Palavras-chaves: Malária. Distribuição temporal. Análise espacial. Mato Grosso. Epidemiologia.
ABSTRACT
The temporal and spatial evolution of malaria in Mato Grosso was determined in periods from 1980-1985, 1986-1991, 1992-1997 and 1998-2003 and distributed by homogeneous microregion. The annual parasitic index of the state rose until 1992 and then diminished to 1.9 cases/1,000 inhabitants in 2003, the ratio of mortality and the lethality rate were greater in the 1980s. Of the 22 microregions, 13 presented an API inferior to 10 cases/1,000 inhabitants in all periods. Cases were concentrated in the microregions of Colíder, Alta Floresta, Aripuanã and Alto Guaporé. In 2003, only the microregion of Aripuanã continued to present an API superior to 50 cases/1,000 inhabitants. The microregions of Colíder, in 1983, 1985 to 1988 and 1990 and Alta Floresta, in 1991 presented deaths over 50/100,000 inhabitants, mainly in males aged 20-49 years. The distribution of the disease in microregions showed that malaria is predominantly found in concentrated sites.
Key-words: Malaria. Temporal distribution. Spatial analysis. Mato Grosso. Epidemiology.
No ano 2000, foram notificados 1,14 milhões de casos de malária no Continente Americano, dos quais 53,6% foram registrados pelo Brasil. De 2,6 milhões de pessoas atendidas em todo o país, em 2000, com suspeita de estar com a doença, confirmaram-se 610.878 casos, correspondendo ao índice de lâmina positiva de 23,9%. Destes casos confirmados, prevaleceram as infecções por Plasmodium vivax (478.212 lâminas positivas) sobre os P. falciparum e mista (131.616 lâminas positivas)11. Do total de casos, 99,7% eram da Região Amazônica, que apresentou o índice parasitário anual (IPA) de 21,9 casos por mil habitantes. Todavia, entre os estados que compõem a Amazônia Legal, o risco de transmissão mostrou-se variado a exemplo do Estado de Roraima que apresentou o IPA de 110,6 casos por mil habitantes e Mato Grosso de 4,7 casos por mil habitantes, em 200010.
O Estado de Mato Grosso apresentou 15.287 casos correspondendo ao IPA de 16,3 casos por mil habitantes, em 19809. Este índice apresentou crescimento constante, atingindo o IPA de 95,2 por 1.000 habitantes, em 19928. A partir deste ano, ocorreu um declínio progressivo do IPA, atingindo em 2002, o índice de 2,7 casos registrados por mil habitantes20.

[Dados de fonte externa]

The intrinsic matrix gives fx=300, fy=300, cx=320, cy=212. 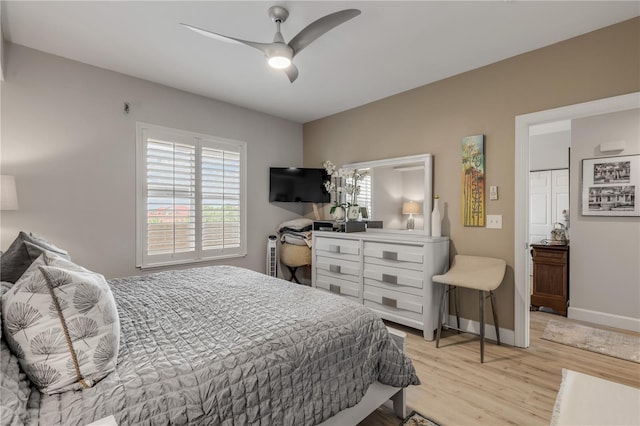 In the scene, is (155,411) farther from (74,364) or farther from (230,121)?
(230,121)

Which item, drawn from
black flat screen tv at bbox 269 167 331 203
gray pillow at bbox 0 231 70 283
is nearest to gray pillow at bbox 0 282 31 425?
gray pillow at bbox 0 231 70 283

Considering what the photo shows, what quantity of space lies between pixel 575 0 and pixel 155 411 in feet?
10.6

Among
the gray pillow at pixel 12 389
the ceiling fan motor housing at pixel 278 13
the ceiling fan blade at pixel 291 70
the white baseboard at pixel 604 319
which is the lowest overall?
the white baseboard at pixel 604 319

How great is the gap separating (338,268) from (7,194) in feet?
9.92

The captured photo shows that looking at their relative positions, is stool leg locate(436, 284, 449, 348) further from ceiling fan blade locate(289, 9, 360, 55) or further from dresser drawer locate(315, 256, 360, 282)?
ceiling fan blade locate(289, 9, 360, 55)

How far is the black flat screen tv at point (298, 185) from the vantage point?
440 centimetres

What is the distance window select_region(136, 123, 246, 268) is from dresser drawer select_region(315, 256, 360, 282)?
43.7 inches

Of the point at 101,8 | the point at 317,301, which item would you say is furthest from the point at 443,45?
the point at 101,8

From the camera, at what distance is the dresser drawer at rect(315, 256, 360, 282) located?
11.3 feet

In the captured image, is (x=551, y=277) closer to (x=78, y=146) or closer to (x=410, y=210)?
(x=410, y=210)

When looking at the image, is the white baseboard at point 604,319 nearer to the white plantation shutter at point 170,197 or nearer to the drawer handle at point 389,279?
the drawer handle at point 389,279

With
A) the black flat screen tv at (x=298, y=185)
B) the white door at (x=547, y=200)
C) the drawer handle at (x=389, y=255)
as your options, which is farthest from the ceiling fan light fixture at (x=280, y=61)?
the white door at (x=547, y=200)

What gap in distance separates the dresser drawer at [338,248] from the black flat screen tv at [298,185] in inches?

Apesar da existência de estudos sobre a malária em Mato Grosso, constatando crescimento e redução de IPA, poucos foram os que buscaram apreender o comportamento da doença numa perspectiva espaço-temporal. Diante do exposto, este trabalho se propõe a efetuar uma análise descritiva da evolução dos casos de malária em Mato Grosso, entre 1980 e 2003, segundo microrregião homogênea de residência.
MATERIAL E MÉTODOS
O presente trabalho é um estudo ecológico de enfoque exploratório, pautado em dados secundários. Os dados notificados sobre a malária, entre 1980 e 1997, foram disponibilizados pela Divisão de Estatística da Fundação Nacional de Saúde/Regional Mato Grosso; os dados do período de 1998 e 2002 foram obtidos na Secretaria do Estado de Mato Grosso (SES/MT), armazenados no Sistema de Informações de Malária (SISMAL); os de 2003 foram obtidos no Sistema de Informações de Vigilância Epidemiológica – Malária (SIVEP-Malária), da Secretaria de Vigilância em Saúde do Ministério da Saúde. Os dados censitários e as estimativas populacionais foram obtidos no Instituto Brasileiro de Geografia e Estatística (IBGE) (http://www.ibge.gov.br). Os dados referentes aos óbitos, por local de residência, de 1980 e 2002, foram obtidos no Sistema de Informação sobre Mortalidade (SIM), disponibilizados em CD-ROM pelo Ministério da Saúde. Para os óbitos ocorridos no ano de 2003, os dados foram disponibilizados pela SES/MT, sendo restritas ao número de óbitos por causa e localidade. Os óbitos registrados no período de estudo foram reagrupados tomando como base a CID-09, apenas para assegurar continuidade aos dados anteriores aos de 1995, face às mudanças ocorridas com a implantação da CID-10.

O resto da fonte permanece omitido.